## Data shown:

-*-

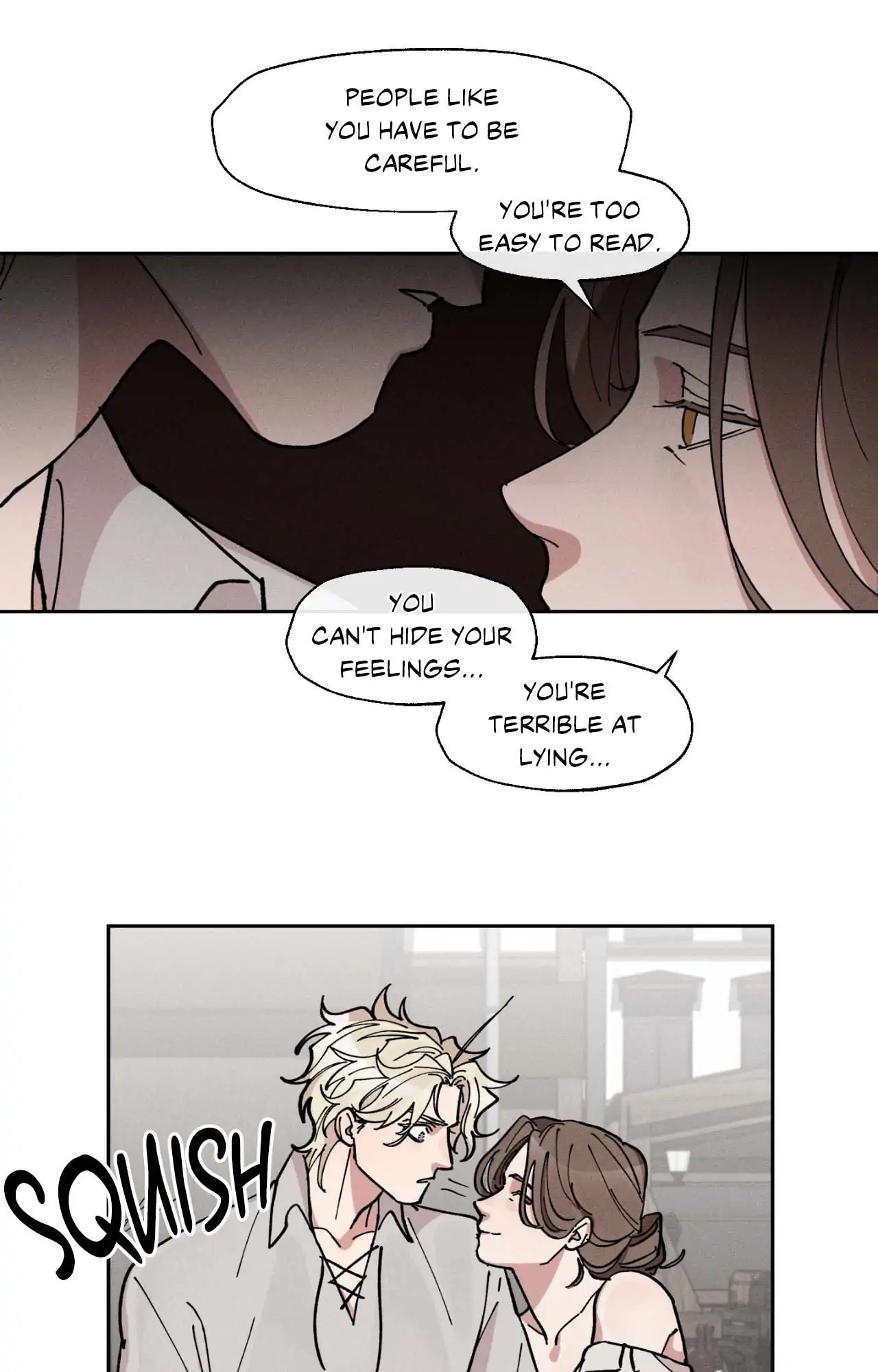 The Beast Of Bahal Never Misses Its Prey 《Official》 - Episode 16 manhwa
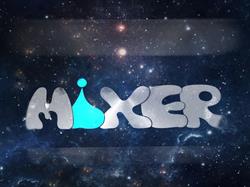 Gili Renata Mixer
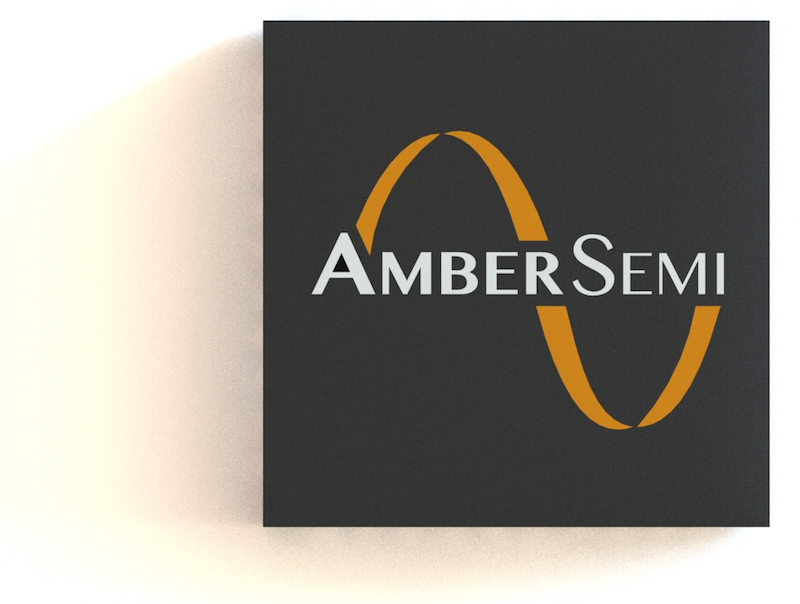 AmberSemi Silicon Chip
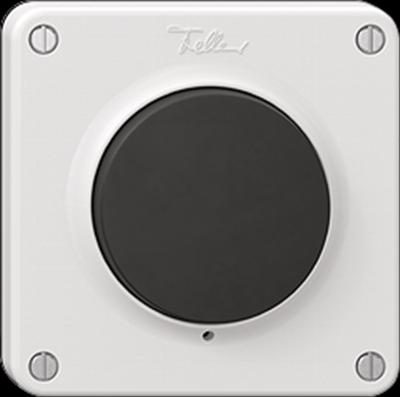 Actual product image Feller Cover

-*-

## Description of the task:
Go through the listing above and retype it exactly, skipping every picture.

## Task solution:
 The Beast Of Bahal Never Misses Its Prey 《Official》 - Episode 16 manhwa
 Gili Renata Mixer
 AmberSemi Silicon Chip
 Actual product image Feller Cover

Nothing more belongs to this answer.